To add insult to injury, the Stanford University researchers behind Folding@home were able to boast that they broke this barrier largely on the back of Playstation-3 processors, about 50,000 of which were contributing voluntarily to the project at the time the petaflop barrier was broken. Pimply teenage gamers beat supercomputing pros. You can imagine the shame. When I emailed news of this result to a colleague who was at a high-level meeting on supercomputer-based research, he got back to me later saying that the first reaction of the assembled experts was, effectively, to dissect this breakthrough and redefine the petaflop barrier so that it was impregnable to this sort of upstart challenger.
An anecdote, perhaps. But when trying to reason with scientists who are in the thralls of Myth #2, I often resort to such anecdotes to jolt them out of their complacency. Maybe your science can’t run on citizen-based processing power yet. But in three years time, things may look different. And three years time is just one grant cycle away, baby!
Talk is cheap, of course. And anecdotes are always anecdotal. The ultimate proof that citizen cyberscience is gaining ground on traditional forms of distributed computing – and that it might actually work for your science, too, comes from trying. And that’s exactly what some of my colleagues are going to do in a few weeks time at the first “Asia@Home Hackfest” at Academia Sinica in Taipei.
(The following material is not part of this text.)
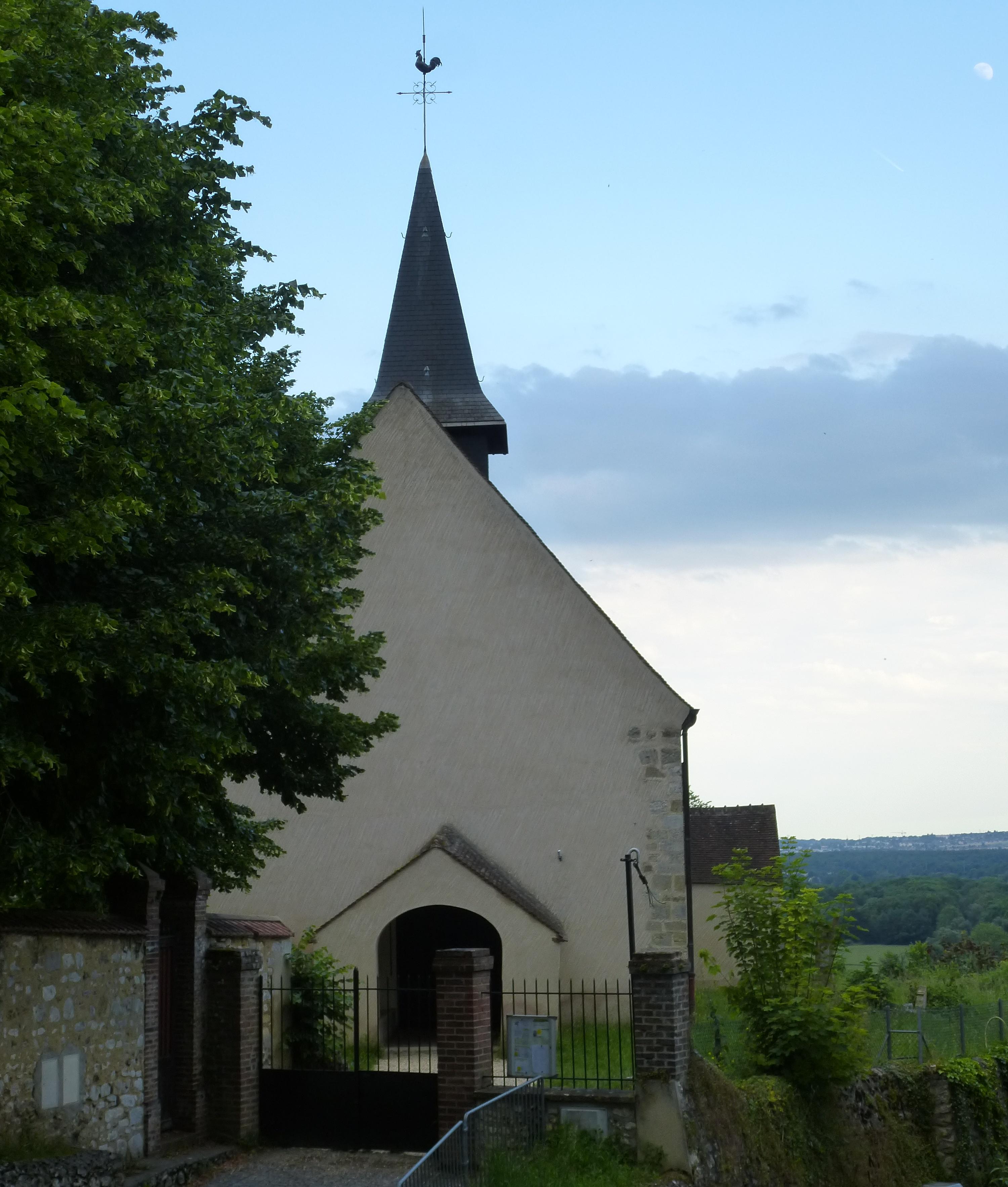 église Saint-Michel de Rolleboise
The idea of the first day of this two-day event is to focus on computing code for earthquake simulations, which uses a protocol called MPI (message passing interface) designed specifically for tightly coupled supercomputer processors. The goal is to show that with a bit of effort and a good dose of ingenuity, this ought to run quite effectively on ordinary PCs. Or at least, on machines that volunteers are willing to make available to researchers.
This last point is a subtle and important distinction. The Internet connects a huge range of computing devices. And volunteer computing need not be constrained by what an “ordinary” or “average” PC or laptop can do. It is quite easy to specify that a volunteer computing project should only be distributed to machines with certain performance parameters. And nothing stops a scientist from setting those parameters very high. The “long tail” of the Internet, when it comes to volunteer computing, stretches out to amazing levels of performance, achieved by PC enthusiasts who build their own blazingly fast machines and even hack together garage-sized clusters.
We’ll see in a few weeks time whether a strategy to deliberately exploit this long tail will pay off. If it does, yet another barrier to volunteer computing may come crashing down. And Myth #2, the myth that “it won’t work for my science”, will have been exploded once again.
Addendum: this post has focused uniquely on volunteer computing to illustrate Myth #2, because that is an area where citizen cyberscience is up against some entrenched views and values, fueled by powerful interests that keep large scientific data centres and supercomputing initiatives going. When it comes to volunteer thinking – distributing tasks via the Web for people to do on their computers – there are similar dogmas that need to be challenged. For example the view that computers will be able to do any pattern recognition problem better than humans (wrong!) or that the work of untrained humans can never be trusted for scientific purposes (wrong again – I’ll come back to this when I discuss Myth #4). However, the challenge of overcoming ingrained prejudices is not as severe in this case, and I would venture that this is simply because the competition to volunteer thinking is not as well resourced.